■ **DATA BELOW**:

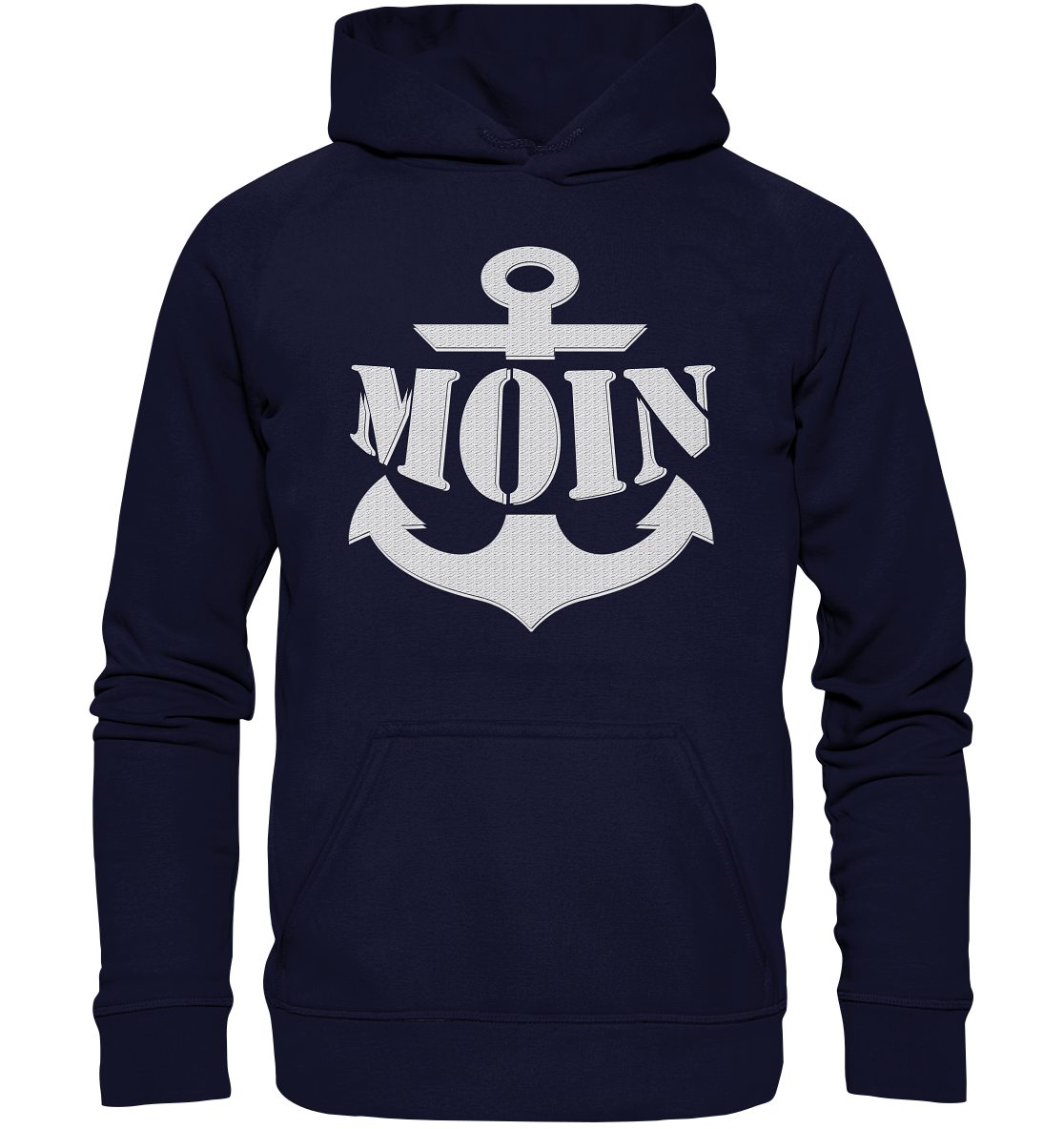 MOIN Anker weiß - Basic Unisex Hoodie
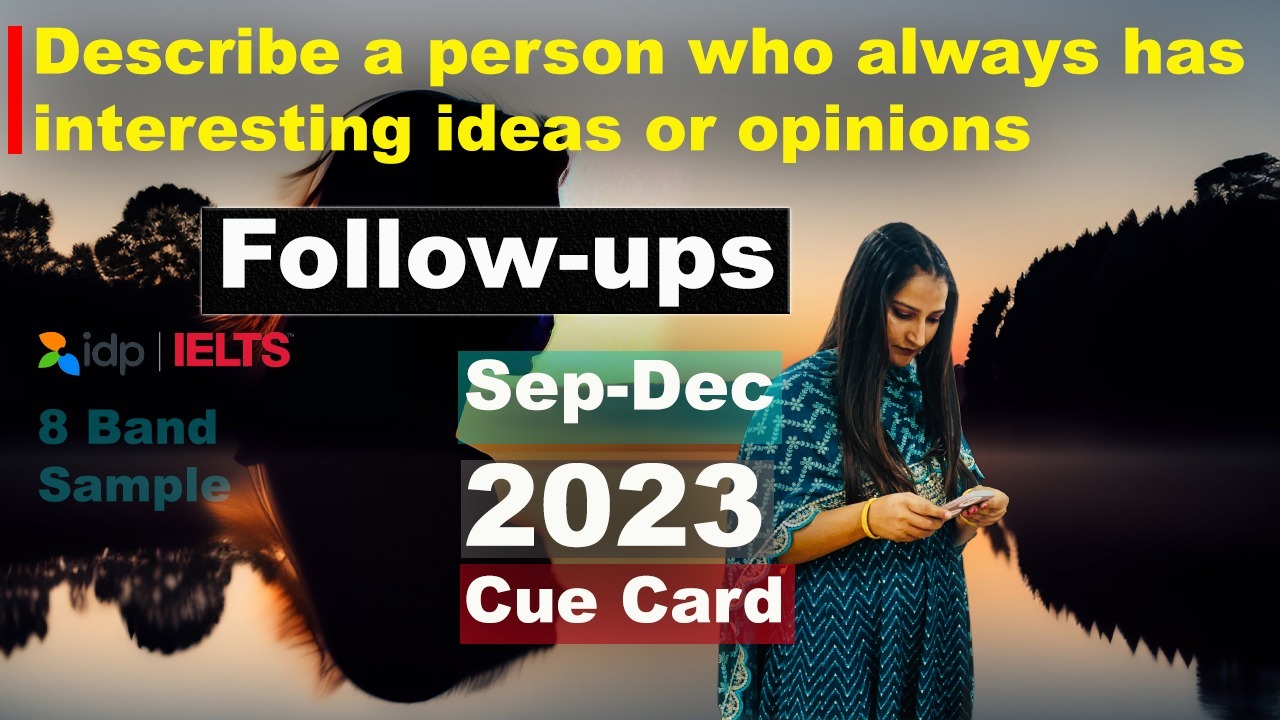 Describe a person who always has interesting ideas or opinions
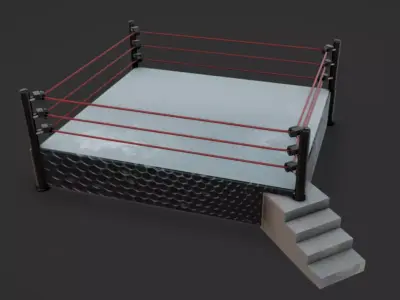 Wrestling Ring Low-poly 3D model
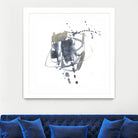 Off Center II by Jennifer Goldberger on GIANT ART - neutral abstract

■ **TASK DIRECTIONS**:
Print the data word for word and omit the pictures.

■ **ANSWER TO THE PROBLEM**:
 MOIN Anker weiß - Basic Unisex Hoodie
 Describe a person who always has interesting ideas or opinions
 Wrestling Ring Low-poly 3D model
 Off Center II by Jennifer Goldberger on GIANT ART - neutral abstract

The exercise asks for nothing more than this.